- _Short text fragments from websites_
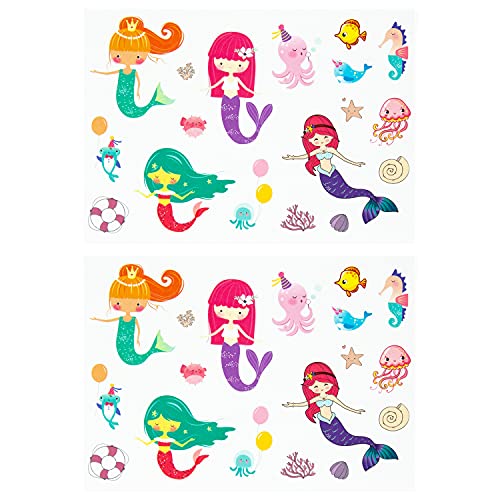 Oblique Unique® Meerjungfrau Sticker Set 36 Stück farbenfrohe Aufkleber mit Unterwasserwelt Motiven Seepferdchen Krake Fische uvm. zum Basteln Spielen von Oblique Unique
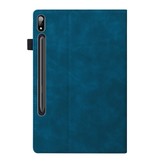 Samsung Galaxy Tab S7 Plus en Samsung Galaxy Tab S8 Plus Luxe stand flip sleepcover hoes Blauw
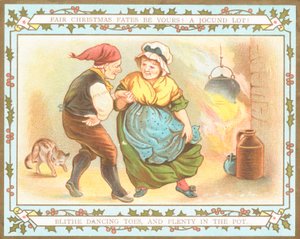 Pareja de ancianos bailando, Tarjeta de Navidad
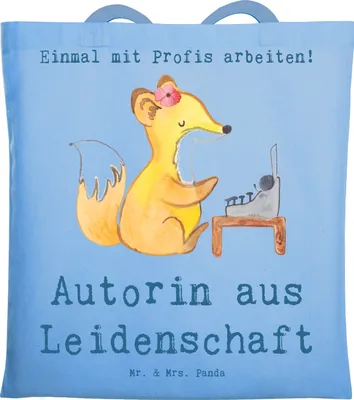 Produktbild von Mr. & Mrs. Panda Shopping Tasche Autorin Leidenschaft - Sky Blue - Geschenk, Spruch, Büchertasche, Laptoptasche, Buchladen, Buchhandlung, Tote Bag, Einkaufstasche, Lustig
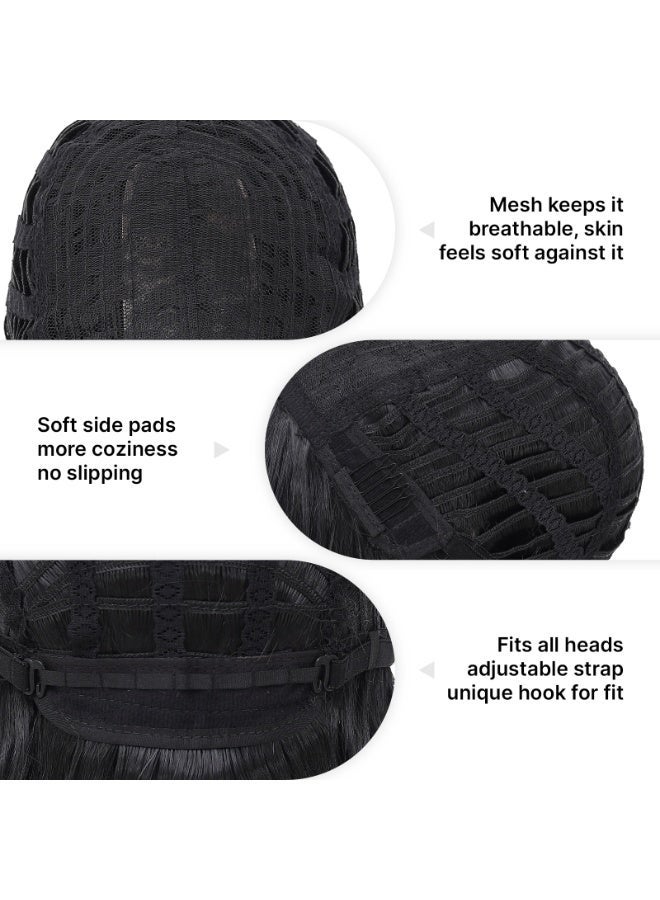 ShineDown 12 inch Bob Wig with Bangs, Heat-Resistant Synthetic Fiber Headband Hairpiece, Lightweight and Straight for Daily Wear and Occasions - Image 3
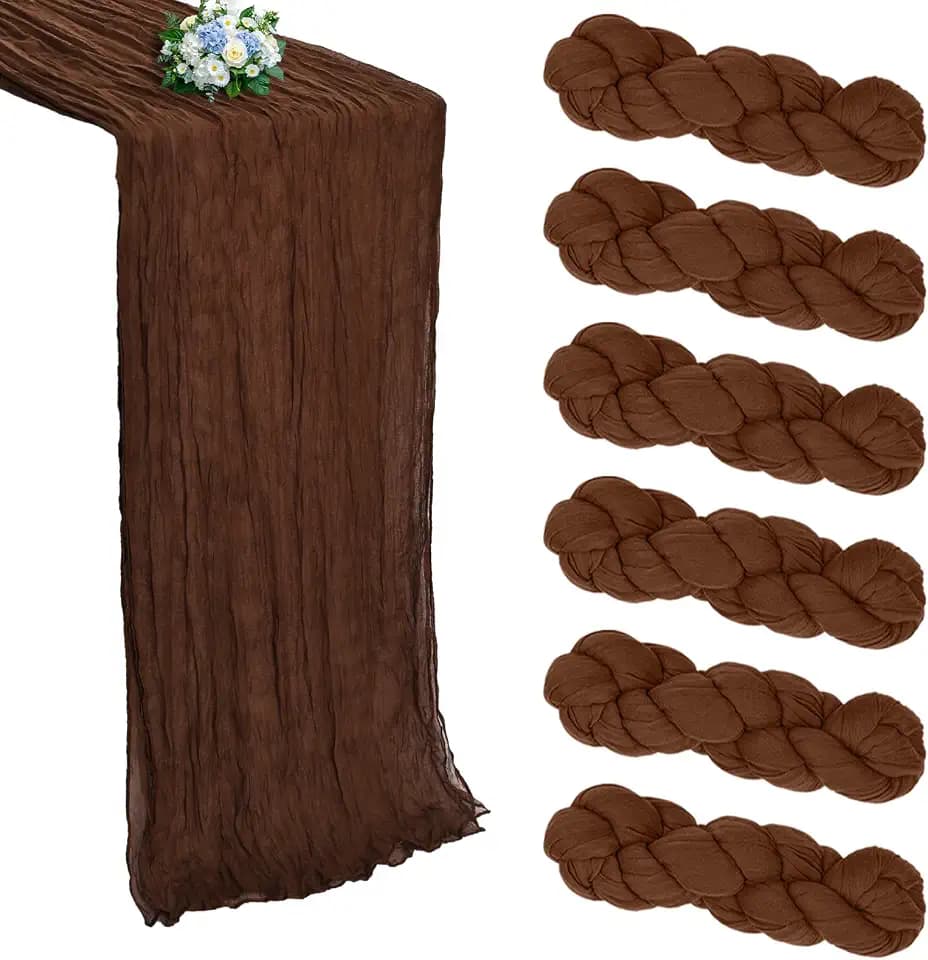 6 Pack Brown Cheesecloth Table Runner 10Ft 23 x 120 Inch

- _PROBLEM_
Set down every record exactly, without the pictures.

- _WORKED SOLUTION_
 Oblique Unique® Meerjungfrau Sticker Set 36 Stück farbenfrohe Aufkleber mit Unterwasserwelt Motiven Seepferdchen Krake Fische uvm. zum Basteln Spielen von Oblique Unique
 Samsung Galaxy Tab S7 Plus en Samsung Galaxy Tab S8 Plus Luxe stand flip sleepcover hoes Blauw
 Pareja de ancianos bailando, Tarjeta de Navidad
 Produktbild von Mr. & Mrs. Panda Shopping Tasche Autorin Leidenschaft - Sky Blue - Geschenk, Spruch, Büchertasche, Laptoptasche, Buchladen, Buchhandlung, Tote Bag, Einkaufstasche, Lustig
 ShineDown 12 inch Bob Wig with Bangs, Heat-Resistant Synthetic Fiber Headband Hairpiece, Lightweight and Straight for Daily Wear and Occasions - Image 3
 6 Pack Brown Cheesecloth Table Runner 10Ft 23 x 120 Inch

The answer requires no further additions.